WHAT YOU WILL DO: Apart from the images, reproduce all of the data word for word.

RECORDED INFORMATION:
========================================================================

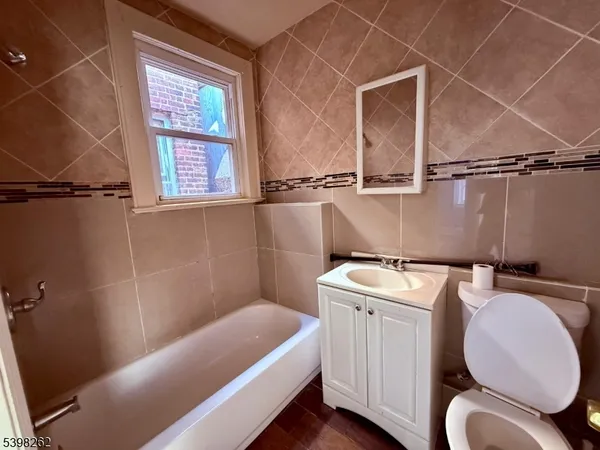 a bathroom with a sink a toilet and tub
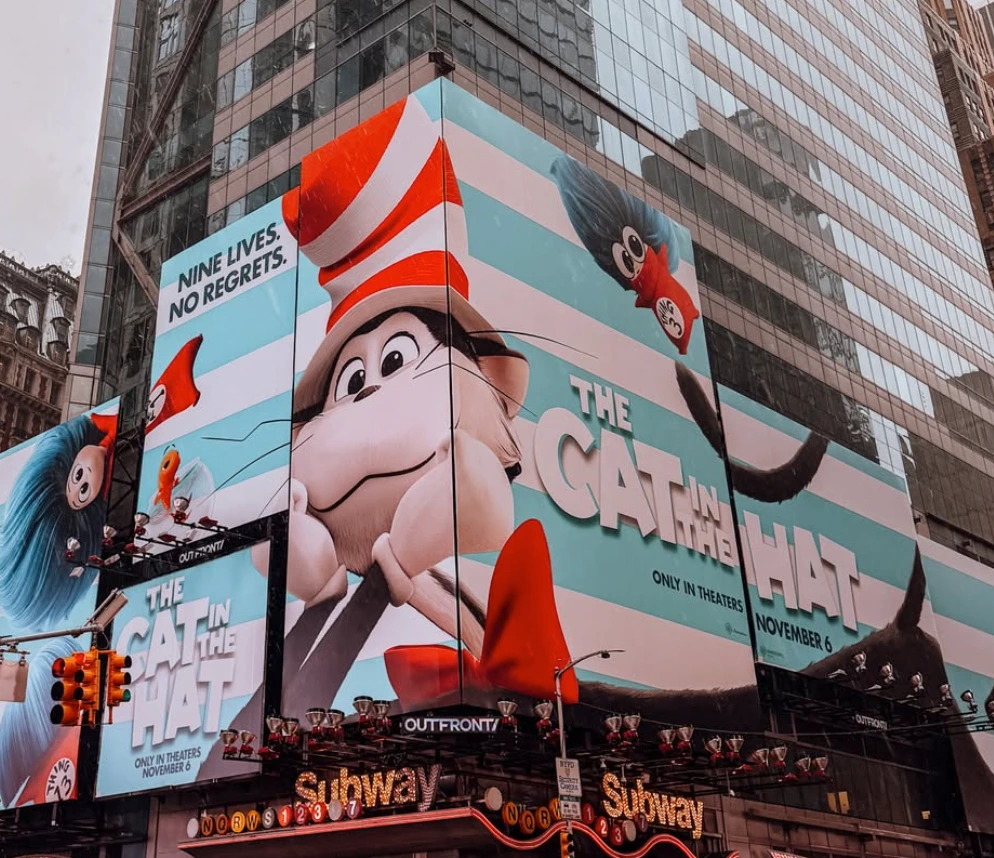 Large corner billboard takeover in Times Square for The Cat in the Hat Movie with oversized character artwork and November 6 release messaging.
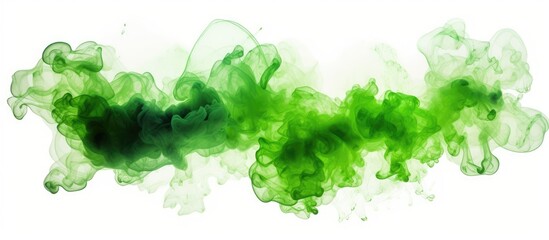 Green ink swirls on white surface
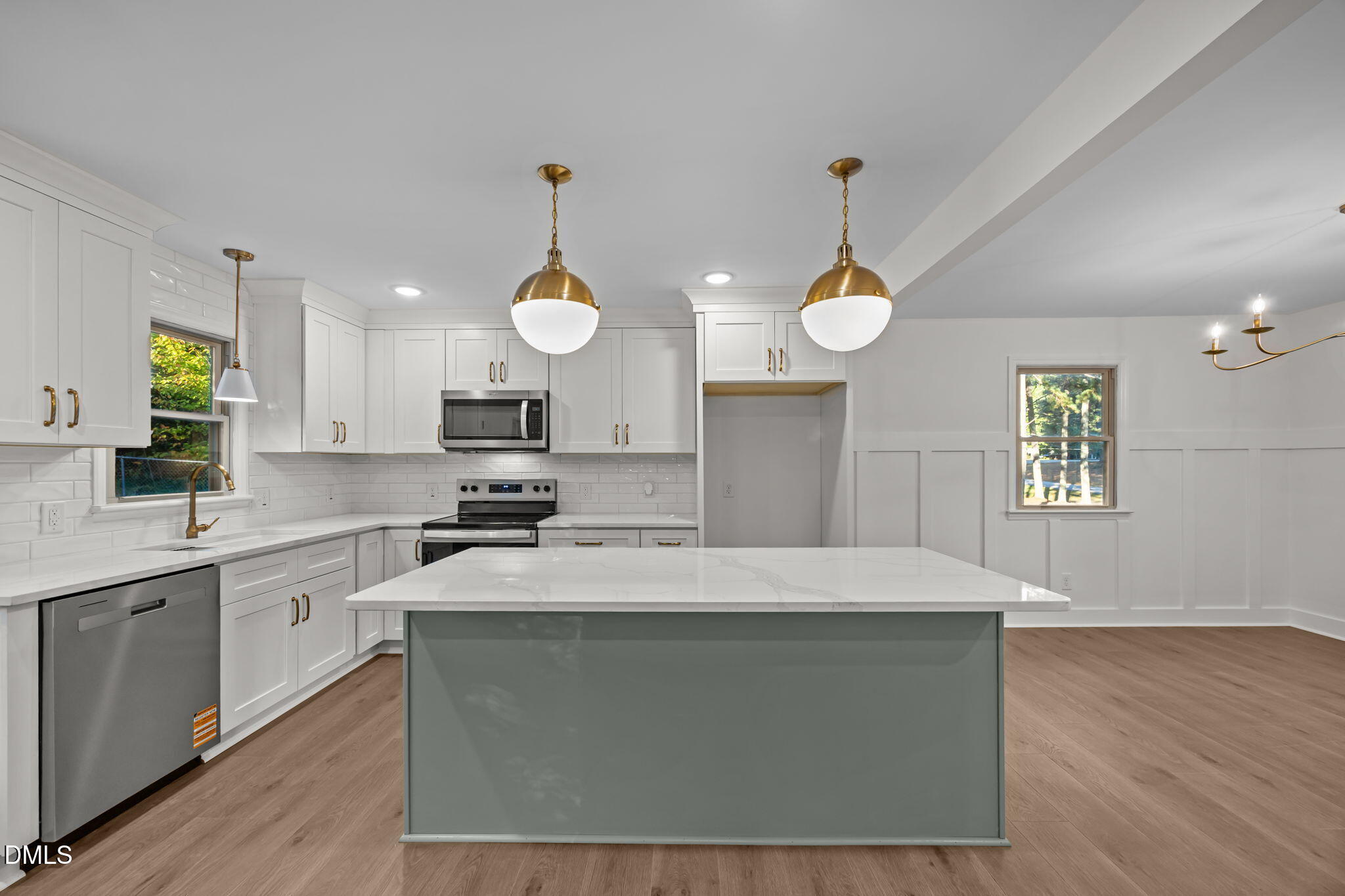 102 Royall Road Oxford, NC 27565 - Photo 10 of 53 a large kitchen with stainless steel appliances granite countertop a sink a stove a microwave a refrigerator and a fireplace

========================================================================

THE COMPLETED TASK:
 a bathroom with a sink a toilet and tub
 Large corner billboard takeover in Times Square for The Cat in the Hat Movie with oversized character artwork and November 6 release messaging.
 Green ink swirls on white surface
 102 Royall Road Oxford, NC 27565 - Photo 10 of 53 a large kitchen with stainless steel appliances granite countertop a sink a stove a microwave a refrigerator and a fireplace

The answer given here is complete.